> [Items listed in a dataset]
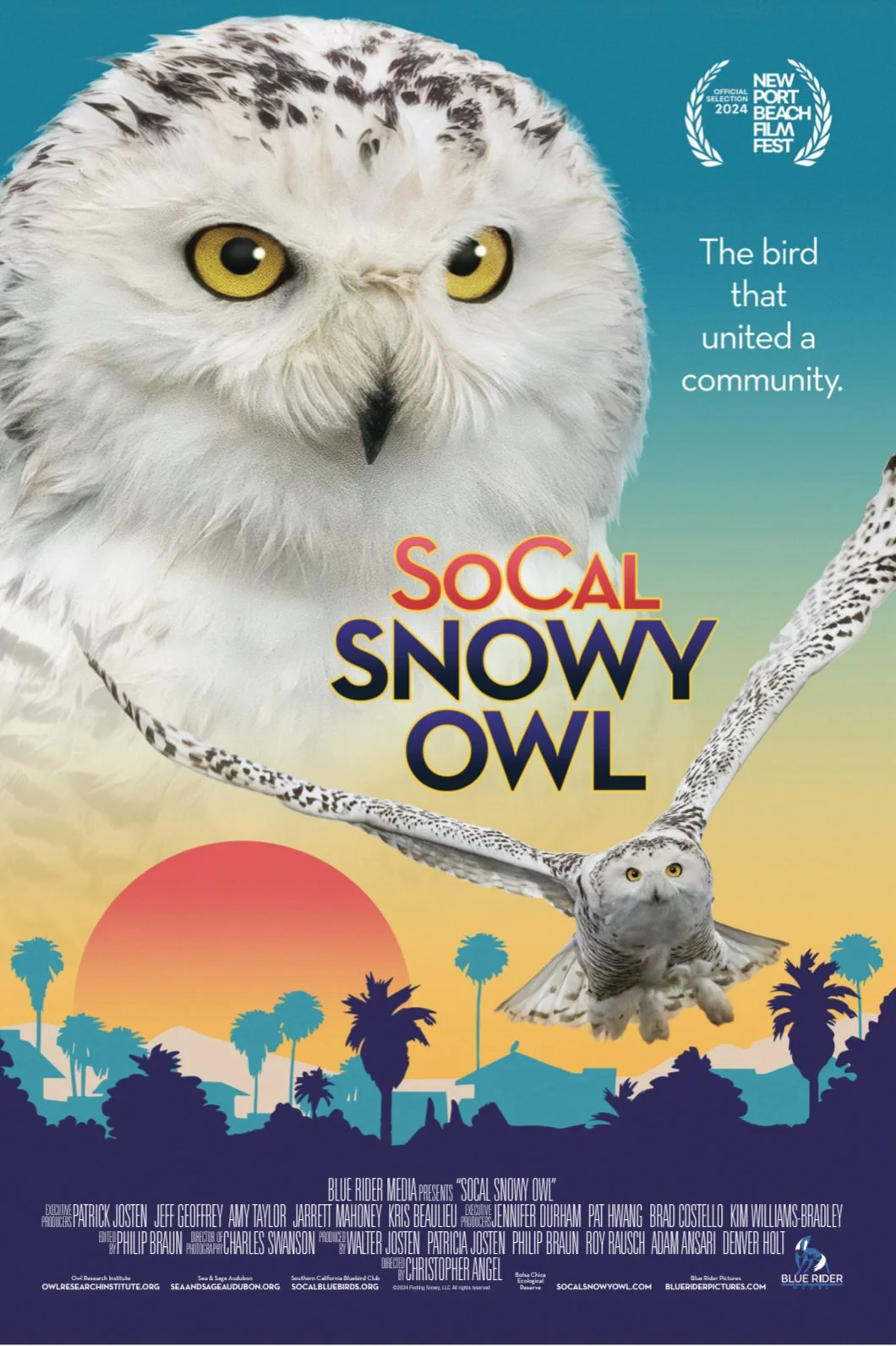 The Making of SoCal Snowy Owl - Christopher Angel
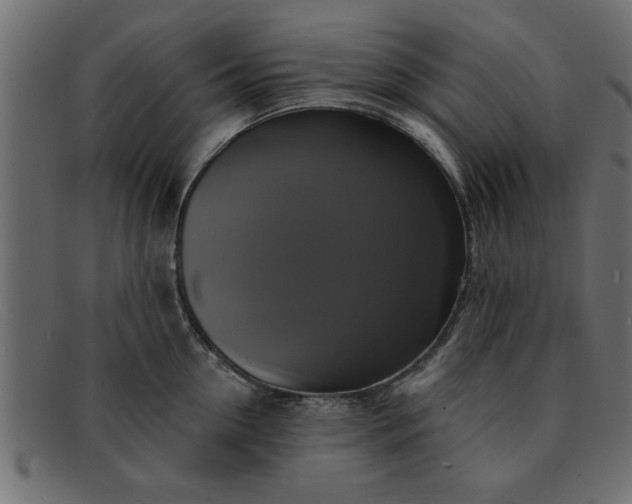 X0000091910954200709191317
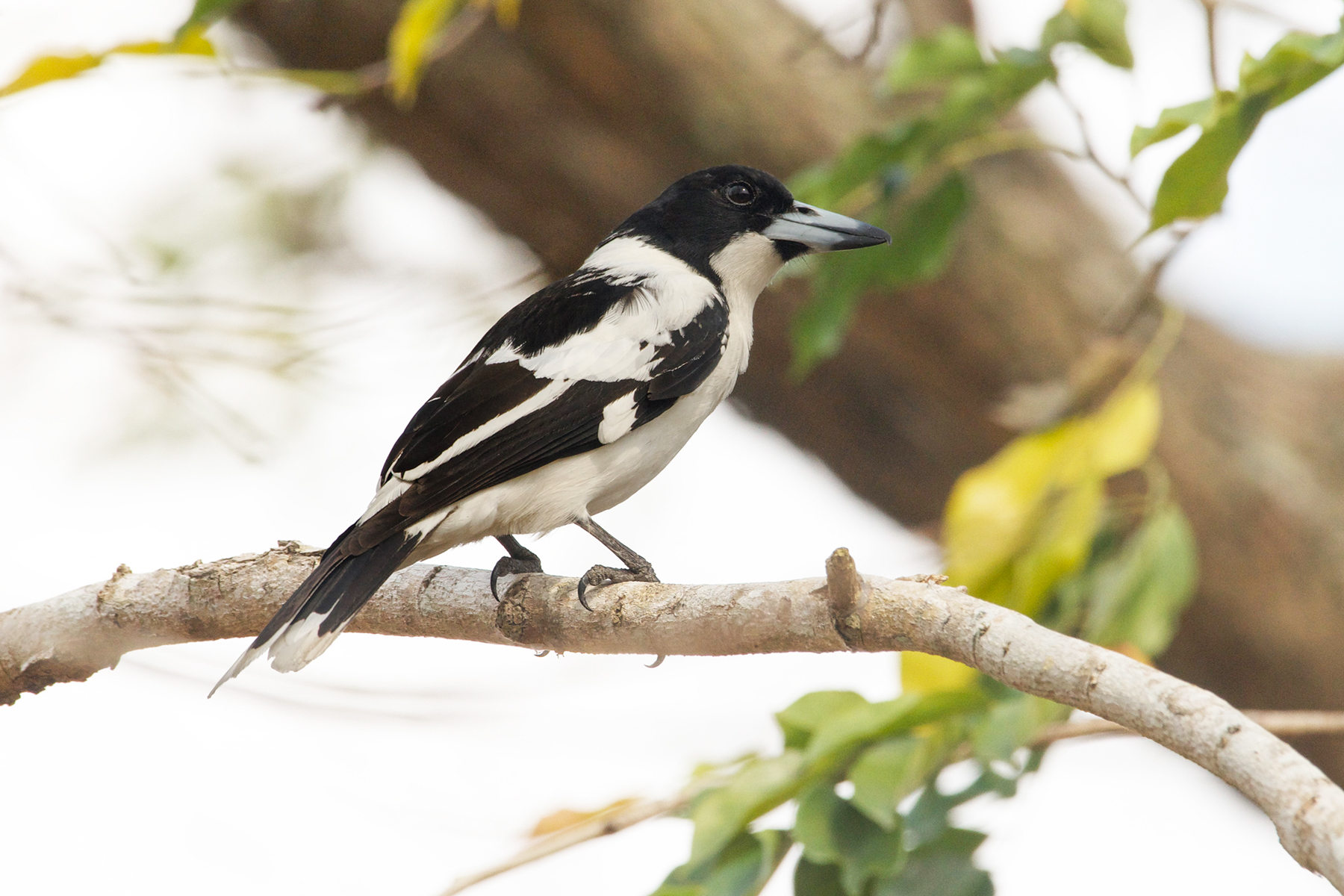 Black-backed Butcherbird (image by Phil Hansbro)
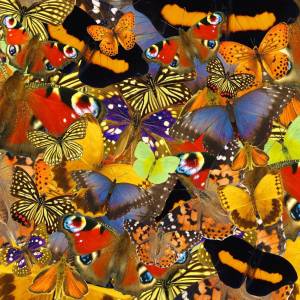 Раскраска бабочки много #21 #209517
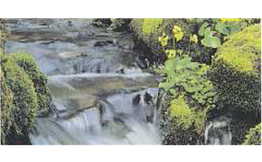 Pietät Glaser Inh. Volker Glaser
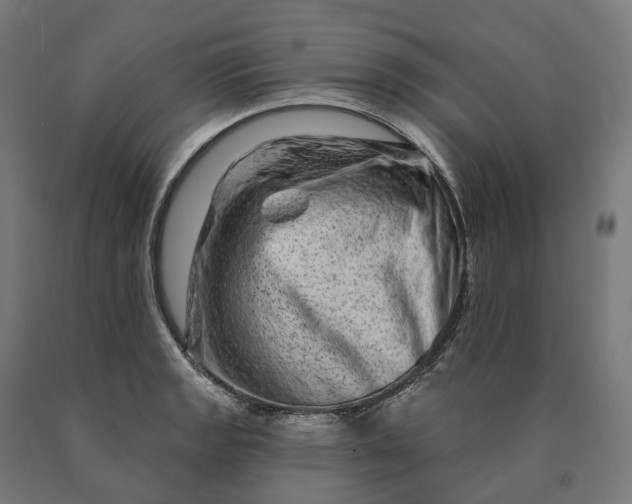 X0000090611133200707311217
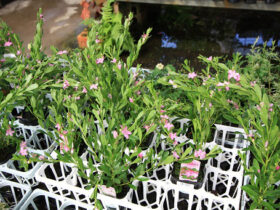 ８月入荷中の花苗の紹介
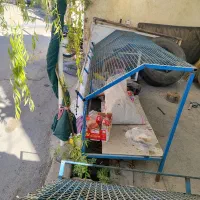 میز مخصوص میوه فروشی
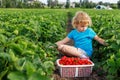 Child picking strawberries at a strawberry farm. Girl sitting in a field with basket full of red berries in summer Royalty Free Stock Photo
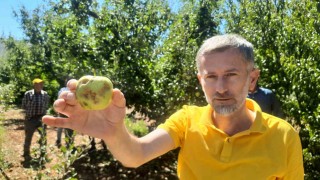 Konyada dolu etkili oldu, bahçeler büyük zarar gördü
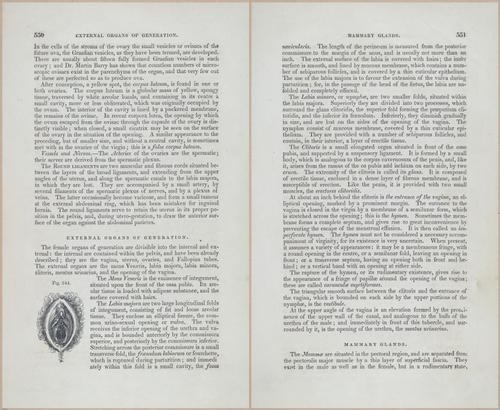 E675 - A System of Human Anatomy - p92-5763-5764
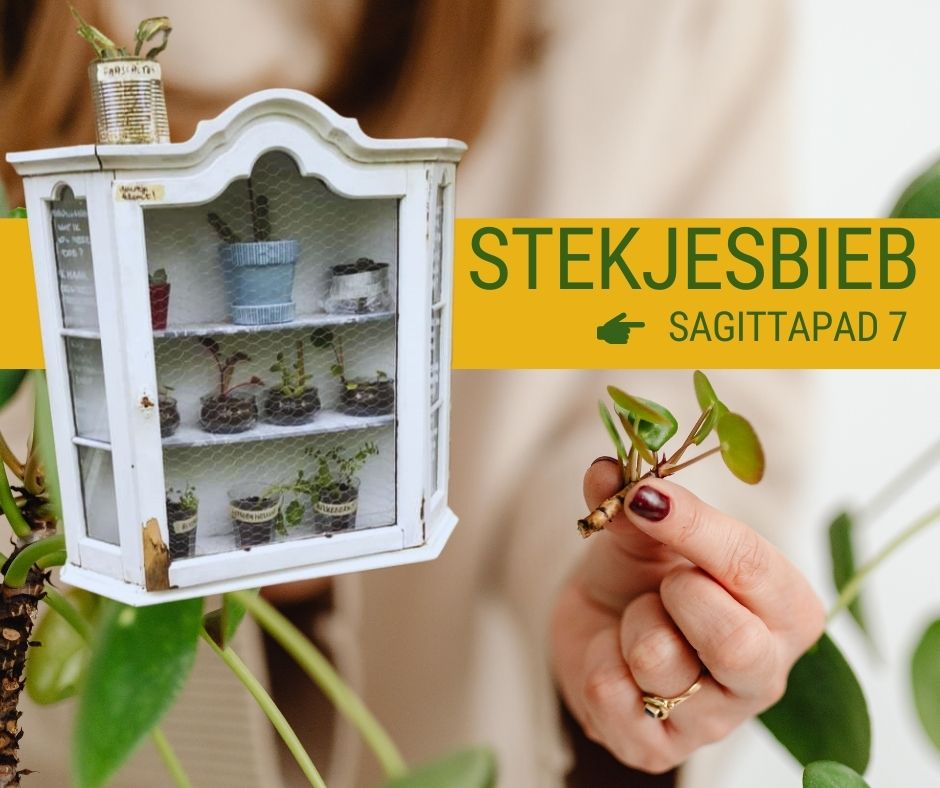 Stekjesbieb Sagittapad 7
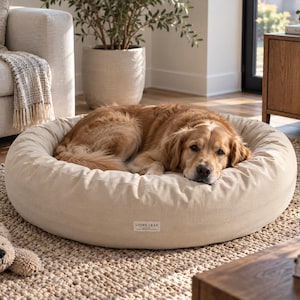 Golden Retriever relaxing on a 42 inch natural cotton donut dog bed with raised bolster sides in a neutral modern home.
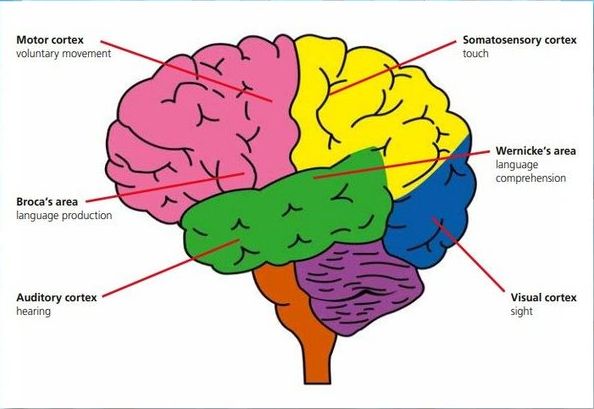 Az agykérgi területek funkciói. Magasszintű látás, hallás, tapintásfeldolgozás, beszéd, döntés, mérlegelés, emlékezés.
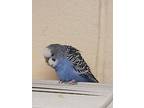 Blueberry *bonded To Ozzy, Budgie For Adoption In Vancouver, British Columbia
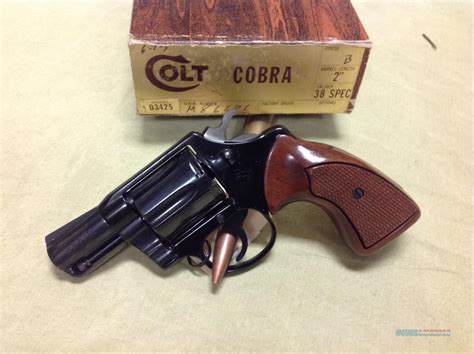 Colt Cobra 38 Special Snub Nose Anib For Sale 929245300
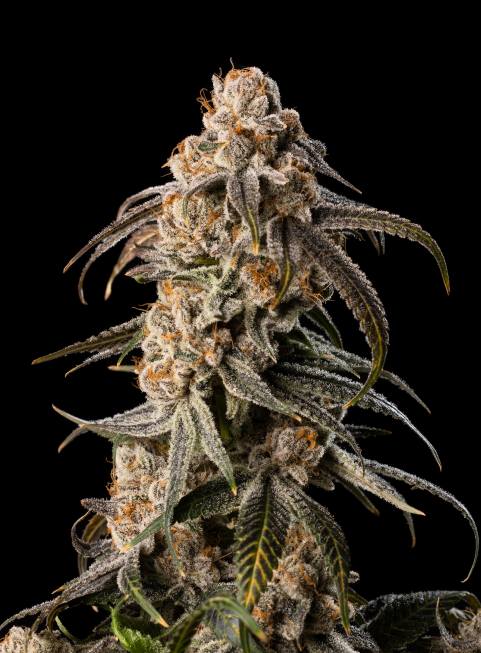 Frosted Purple Punch cannabis flower with deep violet hues and dense trichome coverage
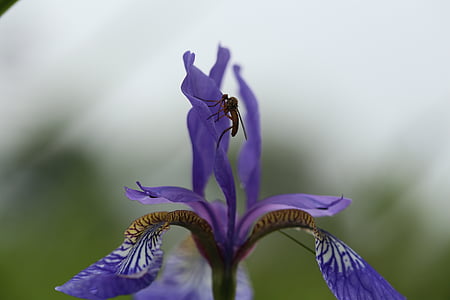 blomst, Iris, haven, blå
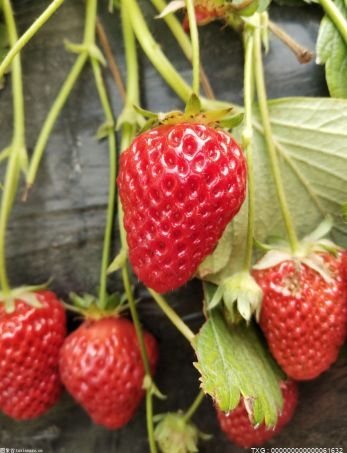 <em>草莓</em>种子可以种出<em>草莓</em>吗？<em>怎么</em>种<em>草莓</em>种子成活率高？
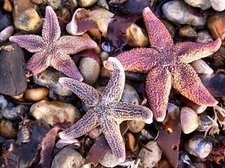 gratitude-starfish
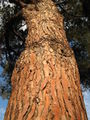 Thumbnail for version as of 14:22, 9 June 2007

> [EXERCISE OBJECTIVE] The records above need to be restated word for word, with the pictures left out.

> [ANSWER]
 The Making of SoCal Snowy Owl - Christopher Angel
 X0000091910954200709191317
 Black-backed Butcherbird (image by Phil Hansbro)
 Раскраска бабочки много #21 #209517
 Pietät Glaser Inh. Volker Glaser
 X0000090611133200707311217
 ８月入荷中の花苗の紹介
 میز مخصوص میوه فروشی
 Child picking strawberries at a strawberry farm. Girl sitting in a field with basket full of red berries in summer Royalty Free Stock Photo
 Konyada dolu etkili oldu, bahçeler büyük zarar gördü
 E675 - A System of Human Anatomy - p92-5763-5764
 Stekjesbieb Sagittapad 7
 Golden Retriever relaxing on a 42 inch natural cotton donut dog bed with raised bolster sides in a neutral modern home.
 Az agykérgi területek funkciói. Magasszintű látás, hallás, tapintásfeldolgozás, beszéd, döntés, mérlegelés, emlékezés.
 Blueberry *bonded To Ozzy, Budgie For Adoption In Vancouver, British Columbia
 Colt Cobra 38 Special Snub Nose Anib For Sale 929245300
 Frosted Purple Punch cannabis flower with deep violet hues and dense trichome coverage
 blomst, Iris, haven, blå
 <em>草莓</em>种子可以种出<em>草莓</em>吗？<em>怎么</em>种<em>草莓</em>种子成活率高？
 gratitude-starfish
 Thumbnail for version as of 14:22, 9 June 2007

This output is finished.